If you haven't donated to WABA's East of the River outreach, now seems like a great time...

https://salsa.democracyinaction.org/o/451/t/11003/shop/custom.jsp?donate_page_KEY=7195

by skeptic on Jun 27, 2011 10:53 pm • linkreport

Look at that video and you'll see that D.employee is probably correct. It certainly looks like political theater. Wells is asking questions but knows what the response is going to be. Bellamy seems pretty uncomfortable having to come up with excuses for not doing the cycletracks and is likely towing his boss's line.

Petitioning for cycletracks is fine but what you really need is petitioning for a Gray recall.

by Falls Church on Jun 27, 2011 11:04 pm • linkreport

Just signed the petition - better than nothing, I suppose.

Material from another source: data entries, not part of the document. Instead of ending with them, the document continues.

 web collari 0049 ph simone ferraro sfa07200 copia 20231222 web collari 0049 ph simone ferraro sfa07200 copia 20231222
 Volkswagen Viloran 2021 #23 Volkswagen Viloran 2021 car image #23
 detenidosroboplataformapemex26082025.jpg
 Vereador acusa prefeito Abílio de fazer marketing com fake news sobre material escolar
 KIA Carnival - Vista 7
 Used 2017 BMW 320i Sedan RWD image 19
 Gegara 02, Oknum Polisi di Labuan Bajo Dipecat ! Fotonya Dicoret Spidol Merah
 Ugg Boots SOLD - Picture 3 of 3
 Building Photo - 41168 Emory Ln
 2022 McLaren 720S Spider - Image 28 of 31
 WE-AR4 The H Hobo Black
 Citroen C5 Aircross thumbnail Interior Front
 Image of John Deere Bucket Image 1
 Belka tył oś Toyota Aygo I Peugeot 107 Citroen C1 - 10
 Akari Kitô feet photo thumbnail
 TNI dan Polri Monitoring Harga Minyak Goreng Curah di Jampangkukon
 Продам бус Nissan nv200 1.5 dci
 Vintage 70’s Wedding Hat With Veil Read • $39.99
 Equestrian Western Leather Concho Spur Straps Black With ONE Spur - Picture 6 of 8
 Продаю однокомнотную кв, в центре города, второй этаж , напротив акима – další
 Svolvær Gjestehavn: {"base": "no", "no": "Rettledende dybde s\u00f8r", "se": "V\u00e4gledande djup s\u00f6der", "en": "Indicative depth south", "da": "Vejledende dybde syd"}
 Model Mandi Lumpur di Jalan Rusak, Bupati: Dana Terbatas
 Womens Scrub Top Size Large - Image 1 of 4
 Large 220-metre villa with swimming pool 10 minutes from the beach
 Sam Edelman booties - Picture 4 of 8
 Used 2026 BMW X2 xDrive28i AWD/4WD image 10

David C, I do think it's fair for Anita (and anyone else who shares GGW's mission) to point out David's endorsement of Gray when the news warrants it. I don't share some people's worst fears about Gray, and the amount of positive change David and company have been able to effect with this blog in a short time is impressive.

I don't think she or anyone means to say "I told you so" just for the sake of saying it, but for some it's hard to imagine the naivete (or overthinking or underthinking...) it took to believe GGW's political objectives would be better advanced by Gray/unknown than by Fenty/Klein. Unless I'm mistaken and the blog's objectives have as much to do with say, advancing DC's teachers' union as it does with advancing smart growth.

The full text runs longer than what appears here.